Not only that, but the area is already inhabited by about 500 Solomon Islanders descended from slaves brought to the area in the 1800s. Though they are now Fijian citizens, according to the 2016 report, their lack of Fijian heritage means they have no land rights, and are now being asked to stick to a smaller plot in the center of the Kiribati-purchased plot which is held in trust for them by the Anglican Church. Even without these complications, the two nations’ cultures are entirely distinct, Simonelli said.

Which is why, on his personal website, Tong references yet another way forward: the idea of virtual sovereignty.

“With the potential loss of sovereignty due to potential loss of the physical presence of these countries, the question arises as to what options do they face,” he writes. “Will they just disappear or could they consider digital options of sovereignty—countries that exist not in the physical terms but in virtual terms?”

It’s a fascinating challenge to traditional notions of statehood—and one that other nations would do well to pay attention to.
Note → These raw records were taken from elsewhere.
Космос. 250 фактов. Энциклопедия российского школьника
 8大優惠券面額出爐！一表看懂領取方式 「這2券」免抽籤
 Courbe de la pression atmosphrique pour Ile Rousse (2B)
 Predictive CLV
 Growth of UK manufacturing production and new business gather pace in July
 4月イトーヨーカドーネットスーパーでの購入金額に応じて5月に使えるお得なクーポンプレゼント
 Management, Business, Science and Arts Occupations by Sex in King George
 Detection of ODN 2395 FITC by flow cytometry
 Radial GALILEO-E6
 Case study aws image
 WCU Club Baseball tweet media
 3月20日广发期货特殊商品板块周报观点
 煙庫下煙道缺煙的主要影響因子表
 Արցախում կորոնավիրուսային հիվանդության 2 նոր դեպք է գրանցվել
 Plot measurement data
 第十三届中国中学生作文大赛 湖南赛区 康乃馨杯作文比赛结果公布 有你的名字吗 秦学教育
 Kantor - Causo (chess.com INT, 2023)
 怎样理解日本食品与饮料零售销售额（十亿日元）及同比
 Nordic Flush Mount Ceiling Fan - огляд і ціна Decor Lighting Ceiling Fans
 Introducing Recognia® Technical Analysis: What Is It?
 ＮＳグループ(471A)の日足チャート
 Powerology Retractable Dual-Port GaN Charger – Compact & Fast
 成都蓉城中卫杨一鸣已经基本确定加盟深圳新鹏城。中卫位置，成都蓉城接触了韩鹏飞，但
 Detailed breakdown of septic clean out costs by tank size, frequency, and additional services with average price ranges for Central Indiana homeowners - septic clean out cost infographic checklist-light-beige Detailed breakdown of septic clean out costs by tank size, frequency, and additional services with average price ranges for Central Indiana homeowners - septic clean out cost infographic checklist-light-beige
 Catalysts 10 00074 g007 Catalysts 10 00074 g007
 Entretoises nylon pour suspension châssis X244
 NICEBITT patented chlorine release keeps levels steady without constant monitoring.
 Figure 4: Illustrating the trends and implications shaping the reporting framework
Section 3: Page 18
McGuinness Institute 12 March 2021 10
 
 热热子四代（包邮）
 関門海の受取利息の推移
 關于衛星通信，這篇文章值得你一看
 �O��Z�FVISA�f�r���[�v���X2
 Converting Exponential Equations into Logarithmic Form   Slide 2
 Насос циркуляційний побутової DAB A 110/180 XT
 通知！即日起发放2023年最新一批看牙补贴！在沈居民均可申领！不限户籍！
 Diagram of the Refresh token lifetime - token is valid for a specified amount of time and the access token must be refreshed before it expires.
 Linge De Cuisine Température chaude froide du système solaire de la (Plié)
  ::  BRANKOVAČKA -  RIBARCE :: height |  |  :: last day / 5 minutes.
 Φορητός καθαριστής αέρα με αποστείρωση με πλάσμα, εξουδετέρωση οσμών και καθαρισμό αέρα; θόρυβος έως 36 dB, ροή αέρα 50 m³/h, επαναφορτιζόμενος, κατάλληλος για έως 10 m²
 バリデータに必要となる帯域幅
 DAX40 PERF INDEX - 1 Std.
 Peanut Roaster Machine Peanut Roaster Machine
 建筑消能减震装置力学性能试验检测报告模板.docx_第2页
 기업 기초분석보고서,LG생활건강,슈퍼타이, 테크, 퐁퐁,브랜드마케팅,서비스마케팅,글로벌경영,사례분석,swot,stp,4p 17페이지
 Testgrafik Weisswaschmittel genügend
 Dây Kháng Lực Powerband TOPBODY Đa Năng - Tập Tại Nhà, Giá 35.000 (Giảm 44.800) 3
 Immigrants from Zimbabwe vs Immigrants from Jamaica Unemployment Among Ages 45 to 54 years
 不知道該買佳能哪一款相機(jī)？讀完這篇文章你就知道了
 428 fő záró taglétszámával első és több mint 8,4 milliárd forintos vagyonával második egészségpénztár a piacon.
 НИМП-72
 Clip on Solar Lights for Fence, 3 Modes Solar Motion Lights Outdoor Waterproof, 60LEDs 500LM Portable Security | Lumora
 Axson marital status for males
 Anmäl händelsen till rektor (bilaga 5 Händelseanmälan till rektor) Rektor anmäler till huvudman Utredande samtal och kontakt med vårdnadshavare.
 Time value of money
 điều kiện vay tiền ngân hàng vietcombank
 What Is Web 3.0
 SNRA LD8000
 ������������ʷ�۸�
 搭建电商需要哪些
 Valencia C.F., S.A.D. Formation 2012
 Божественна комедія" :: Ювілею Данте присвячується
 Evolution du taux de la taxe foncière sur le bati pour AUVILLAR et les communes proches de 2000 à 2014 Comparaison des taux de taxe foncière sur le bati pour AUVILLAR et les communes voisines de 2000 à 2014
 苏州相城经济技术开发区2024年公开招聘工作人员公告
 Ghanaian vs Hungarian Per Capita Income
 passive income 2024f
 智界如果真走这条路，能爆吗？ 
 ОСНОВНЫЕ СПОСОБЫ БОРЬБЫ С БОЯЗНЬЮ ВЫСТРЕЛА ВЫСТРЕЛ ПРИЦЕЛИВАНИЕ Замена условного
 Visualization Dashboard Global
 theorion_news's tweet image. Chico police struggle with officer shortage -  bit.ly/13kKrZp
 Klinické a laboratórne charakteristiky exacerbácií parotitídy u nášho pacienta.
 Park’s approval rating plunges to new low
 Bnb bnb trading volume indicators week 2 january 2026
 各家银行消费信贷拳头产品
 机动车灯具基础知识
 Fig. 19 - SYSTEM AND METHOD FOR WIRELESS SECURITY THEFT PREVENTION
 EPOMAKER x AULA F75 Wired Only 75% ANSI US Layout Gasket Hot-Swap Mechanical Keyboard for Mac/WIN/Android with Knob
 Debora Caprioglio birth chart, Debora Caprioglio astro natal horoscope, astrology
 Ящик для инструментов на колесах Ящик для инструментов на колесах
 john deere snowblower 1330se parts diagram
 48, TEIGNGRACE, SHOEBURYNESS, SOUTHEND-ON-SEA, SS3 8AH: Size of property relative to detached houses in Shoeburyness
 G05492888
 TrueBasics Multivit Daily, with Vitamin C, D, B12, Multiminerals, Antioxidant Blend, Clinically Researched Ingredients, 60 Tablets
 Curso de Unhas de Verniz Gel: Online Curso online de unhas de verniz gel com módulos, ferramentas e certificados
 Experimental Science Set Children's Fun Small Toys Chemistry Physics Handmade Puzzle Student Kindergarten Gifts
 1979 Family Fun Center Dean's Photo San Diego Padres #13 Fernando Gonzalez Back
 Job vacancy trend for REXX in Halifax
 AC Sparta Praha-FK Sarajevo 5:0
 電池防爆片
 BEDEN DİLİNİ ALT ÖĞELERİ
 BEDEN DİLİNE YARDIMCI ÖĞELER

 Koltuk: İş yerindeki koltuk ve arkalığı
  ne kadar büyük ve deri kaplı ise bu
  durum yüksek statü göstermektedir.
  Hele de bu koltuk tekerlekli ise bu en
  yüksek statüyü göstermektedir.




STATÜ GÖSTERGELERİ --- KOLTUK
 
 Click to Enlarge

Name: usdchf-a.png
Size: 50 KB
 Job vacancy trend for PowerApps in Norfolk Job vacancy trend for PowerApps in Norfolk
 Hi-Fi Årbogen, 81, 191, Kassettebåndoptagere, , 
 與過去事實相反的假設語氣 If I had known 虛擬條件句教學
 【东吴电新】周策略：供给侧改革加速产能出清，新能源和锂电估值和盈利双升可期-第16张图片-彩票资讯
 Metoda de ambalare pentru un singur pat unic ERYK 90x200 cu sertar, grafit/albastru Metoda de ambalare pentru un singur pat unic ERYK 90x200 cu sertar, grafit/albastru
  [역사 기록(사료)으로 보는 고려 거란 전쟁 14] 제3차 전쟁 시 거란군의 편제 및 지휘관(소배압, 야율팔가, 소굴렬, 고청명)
Island nations are a powerful reminder to the rest of the world that climate change is real and being felt right now; the challenges to sovereignty they are facing will be experienced by citizens around the world in coming decades.

While Kiribati’s purchased land is an investment, Tong also considers it a moral challenge to the international community. “We regard the threat of climate change as real and are willing to address it ourselves even if nobody else is willing to step forward,” Tong said.